February 03, 2004
Interim Budget 2004-05
In anticipation of the forthcoming elections, the Finance Minister, Mr Jaswant Singh ("FM") today presented the Interim Budget, for a part of the fiscal year April 1, 2004 to March 31, 2005 ("Budget"). This interim budget would seek a "Vote-on-Account" to enable the Government to discharge its responsibilities and to meet its essential expenditure till such time as the next Government is elected. As no significant changes can be made in the fiscal policy, most of the changes proposed by the FM are in the form of promises and commitments, which the current Government would fulfill if it is elected as the ruling party for the upcoming term of 5 years.
The FM has nevertheless addressed the current issues related to taxation of BPO companies by referring to the recent circular issued in respect of outsourcing of call center activities, long-term capital gains tax exemption for investment in certain shares, introduction of tonnage tax and has also proposed a 50% reduction in stamp duty on certain transactions.
The approach to the Budget has shown the Government's continued commitment to the five basic concerns of Indian citizens, viz. enhanced employment and eradication of poverty; a second green revolution in agriculture; infrastructure development; fiscal consolidations; and greater manufacturing sector efficiency.
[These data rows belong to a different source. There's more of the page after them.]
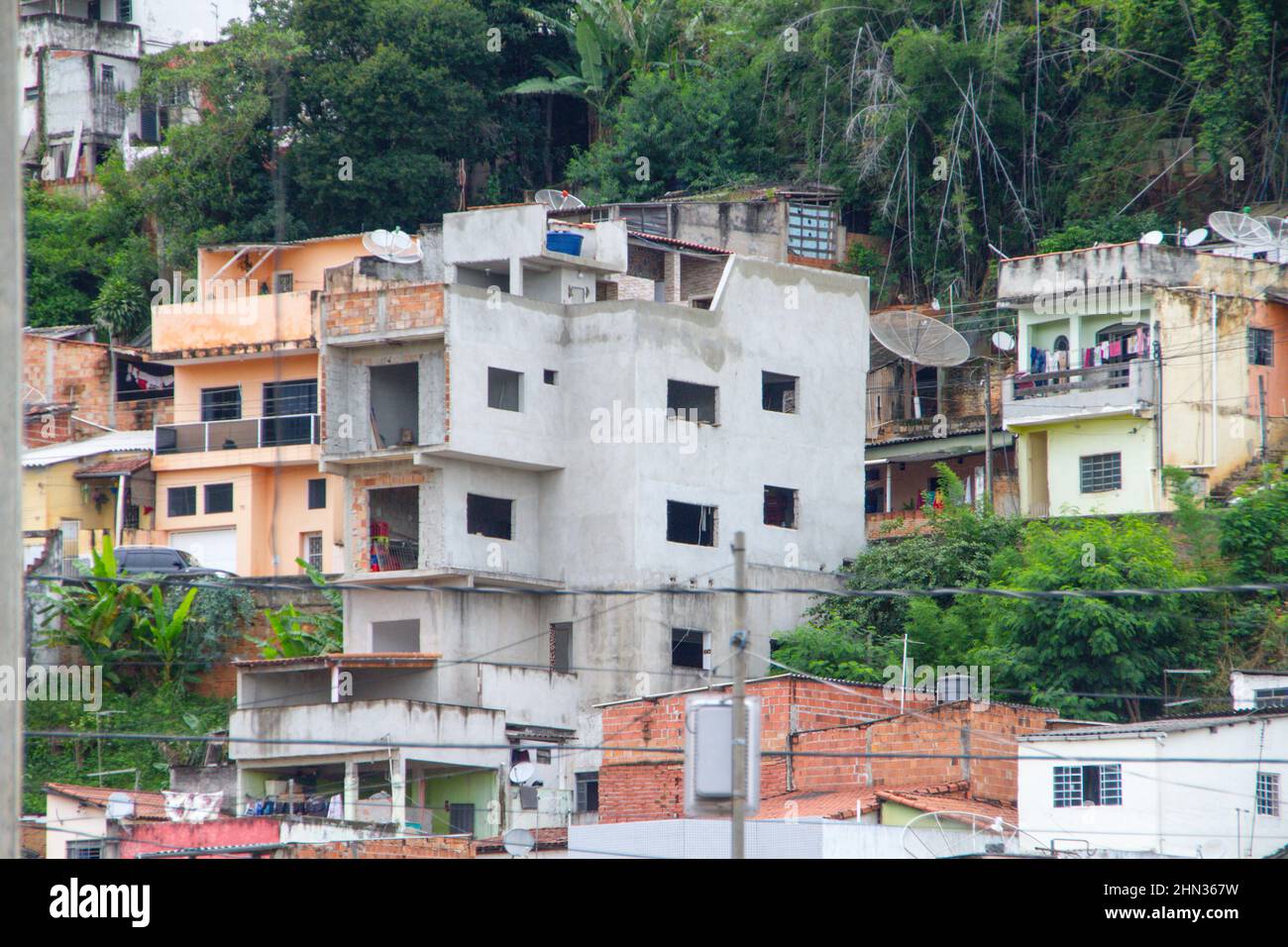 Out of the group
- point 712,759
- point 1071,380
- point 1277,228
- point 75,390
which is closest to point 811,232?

The policies and reforms adopted also make it abundantly clear that the focus this year as well remains on preserving the strength of India's macroeconomic fundamentals.
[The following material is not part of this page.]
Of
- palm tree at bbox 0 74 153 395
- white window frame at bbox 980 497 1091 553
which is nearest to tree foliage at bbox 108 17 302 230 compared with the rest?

Kicking off with the announcement of the current inflation rate between 4-4.5 % and an expected growth rate of the GDP between 7.5-8%, the FM has proposed the following main reforms:
It has been proposed to establish four global standard international convention centers, through private and public partnership, to be located in Delhi, Mumbai, Goa and Jaipur. In order to facilitate the effective functioning of the Jaipur airport, it is proposed to convert the domestic airport into an international one. With a view to augment the water scarcity in metropolitan cities it has been decided to initiate an accelerated drinking water supply scheme for those cities by accessing funds from the Government's Infrastructure Fund, the Life Insurance Corporation and other such funding sources.
Currently, stamp duty is levied on instruments evidencing almost every kind of transaction, which tends to increase the transaction cost considerably. This stamp duty is levied either by the Central Government or the State Government. As a first step towards rationalizing this stamp duty regime, it is proposed to reduce the stamp duty by 50% on all instruments on which stamp duty is imposed by the Central Government.
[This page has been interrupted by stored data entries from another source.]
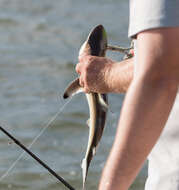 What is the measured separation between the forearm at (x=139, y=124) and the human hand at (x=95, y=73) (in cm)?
76

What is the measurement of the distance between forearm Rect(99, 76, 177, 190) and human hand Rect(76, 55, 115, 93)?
76 centimetres

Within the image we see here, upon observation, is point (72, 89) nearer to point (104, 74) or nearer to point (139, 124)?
point (104, 74)

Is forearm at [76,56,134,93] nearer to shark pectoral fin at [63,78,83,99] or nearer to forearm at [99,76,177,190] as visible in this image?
shark pectoral fin at [63,78,83,99]

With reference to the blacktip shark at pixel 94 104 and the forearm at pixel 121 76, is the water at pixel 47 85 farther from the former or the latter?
the forearm at pixel 121 76

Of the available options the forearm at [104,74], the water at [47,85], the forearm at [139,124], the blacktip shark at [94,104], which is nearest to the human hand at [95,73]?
the forearm at [104,74]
Before moving on to the tax reforms, it would be relevant to understand the impact of these proposals. Typically, the proposals made by the FM in his Budget speech, are tabled before both the houses of the Parliament for their approval, and then before the President for his consent. After receiving these approvals and making the necessary changes, the proposals become law and changes are effected in the relevant legislations. However, as discussed above, this year's Budget is simply an interim Budget. Since the Parliament will be dissolved in a few days, the current Government will no longer have the authority to legislate any proposals made by the FM. Accordingly, as stated by the FM, the Budget does not propose any changes to the legislations. Rather it simply discusses the reforms, which the Government commits to carry out at a later stage. Some of the relevant proposals are as under:
USER-FRIENDLY TAX ADMINISTRATION MEASURES
Certain measures were announced in order to facilitate the move towards an improved tax administration through greater application of IT with lower compliance costs. This is proposed to be carried out by introducing e-filing of excise returns, round the clock electronic filing of customs documents, etc.